TOUDI - Il y a cependant plusieurs Écritures en un sens ?

Camille FOCANT -  Oui, il est intéressant d'ailleurs d'observer que le génie juif a été de préserver deux récits différents de la création repris dans les deux premiers chapitres de la Bible, et celui du christianisme a été de se dire que l'on pouvait garder quatre évangiles différents au  lieu d'en choisir un seul. La communauté chrétienne a estimé que ces quatre récits, malgré leurs différences qui sont parfois grandes, étaient fidèles à transmettre qui était le Christ, son action et son message. On est ainsi d'emblée dans un réel pluralisme. Ce choix comportait le risque ou la chance, c'est selon, de provoquer des conflits d'interprétations et il en a d'ailleurs  engendré de nombreux parfois fort douloureux.

TOUDI - Et la différence entre catholiques et protestants ?
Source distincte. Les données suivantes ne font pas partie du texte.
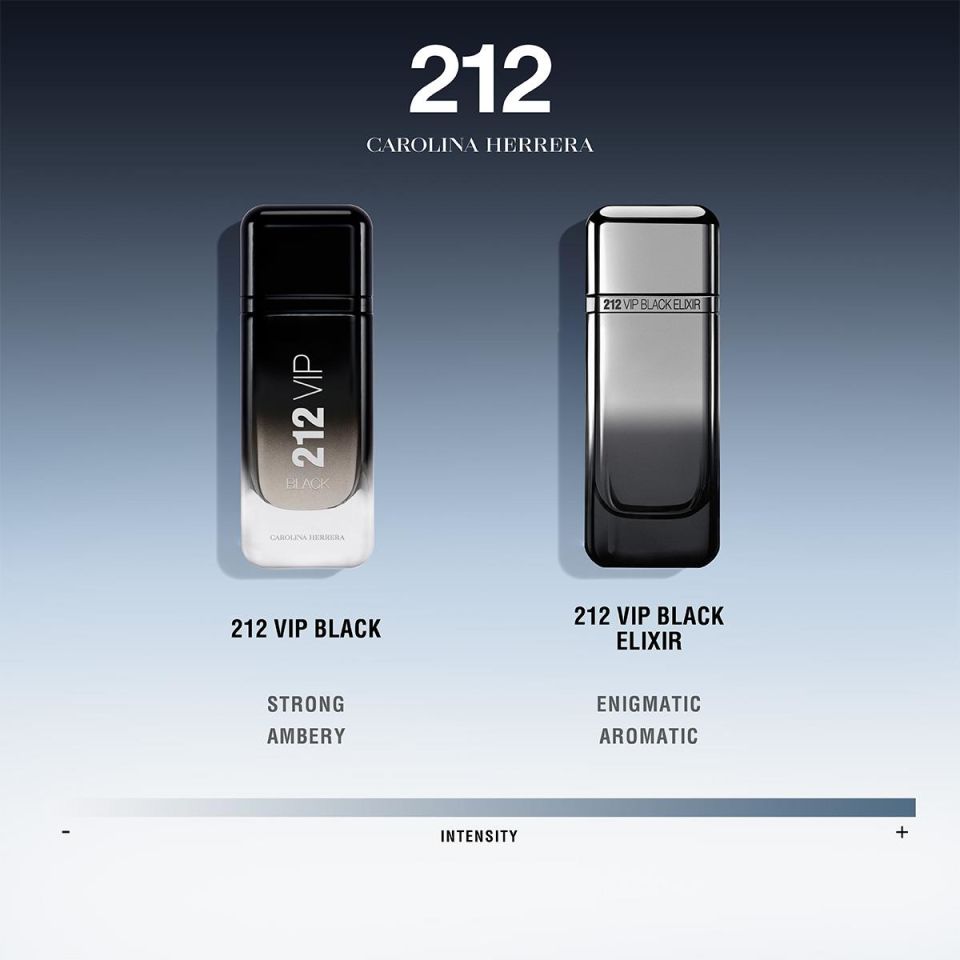 212 Vip Black Elixir Edp 100 ml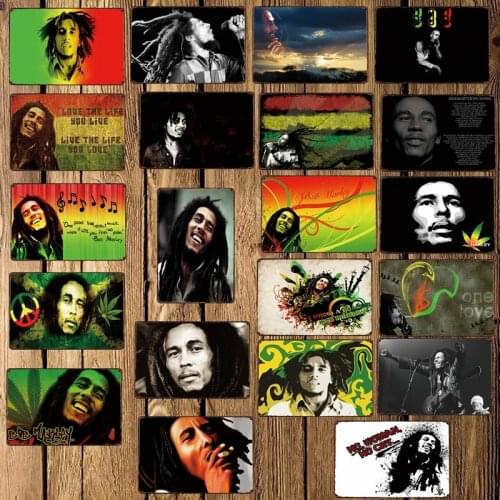 [ Mike86 ] Music Metal Tin Sign Room Decor Vintage Wall Craft For Pub Home 20*30 CM FG-218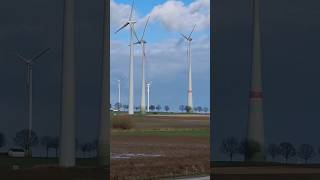 Windpark EisserHöhe 😁 Südwind S46 Enercon Wind World Lagerwey Windkraftanlagen 17022024 [upl. by Islehc]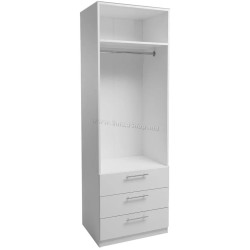 Garderoba Vasto Furniture Domo Modul 6 (White)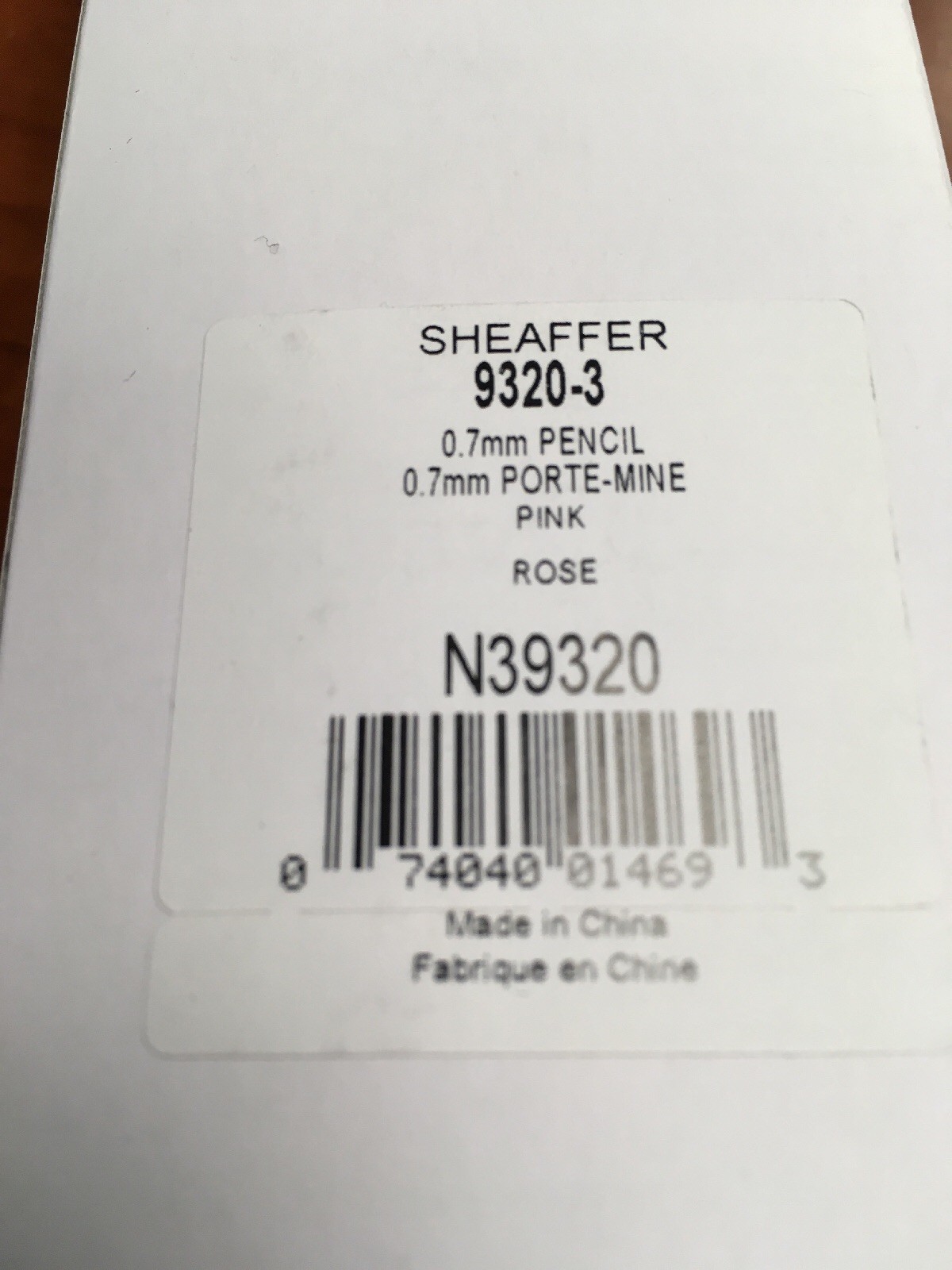 Sheaffer 100 Glossy Pink 0.7mm Mechanical Pencil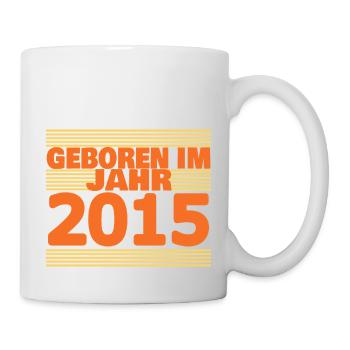 Years 2015 - Mug - white - Right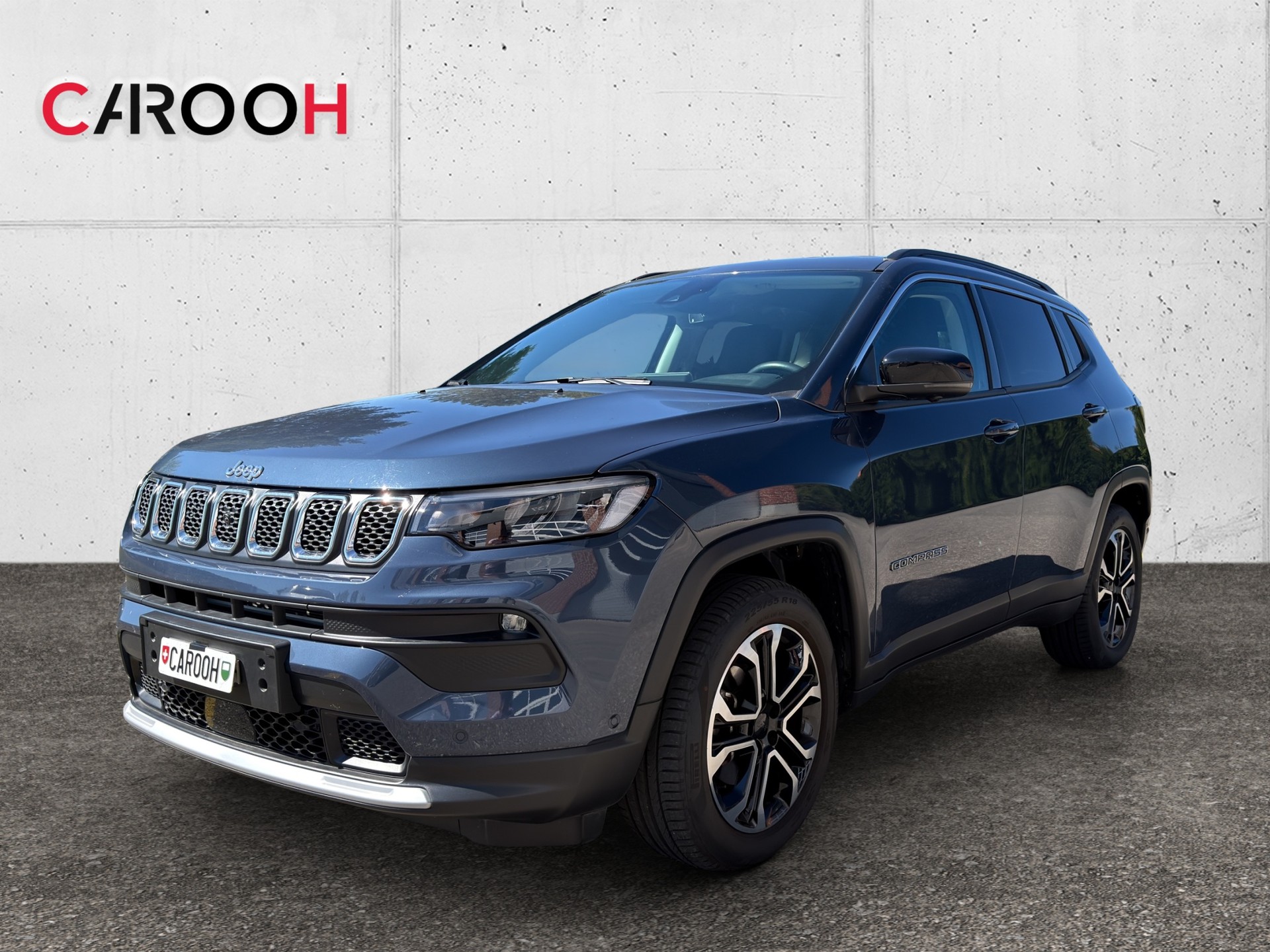 JEEP Compass 4x2 1.5 T MHEV Swiss Limited Plus-image-2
Camille FOCANT  - A la suite du double mouvement, des catholiques vers l'Écriture d'une part et des protestants vers la tradition d'autre part, il y a eu un net rapprochement entre eux. Lors des réunions internationales de biblistes auxquelles je participe régulièrement, il est souvent devenu difficile de voir qui est catholique et qui est protestant. Chrétien est notre nom ; nos différences de prénom sont toutes relatives. Mais c'est peut-être facilité par le fait que nous sommes tous penchés sur l'étude de la Bible.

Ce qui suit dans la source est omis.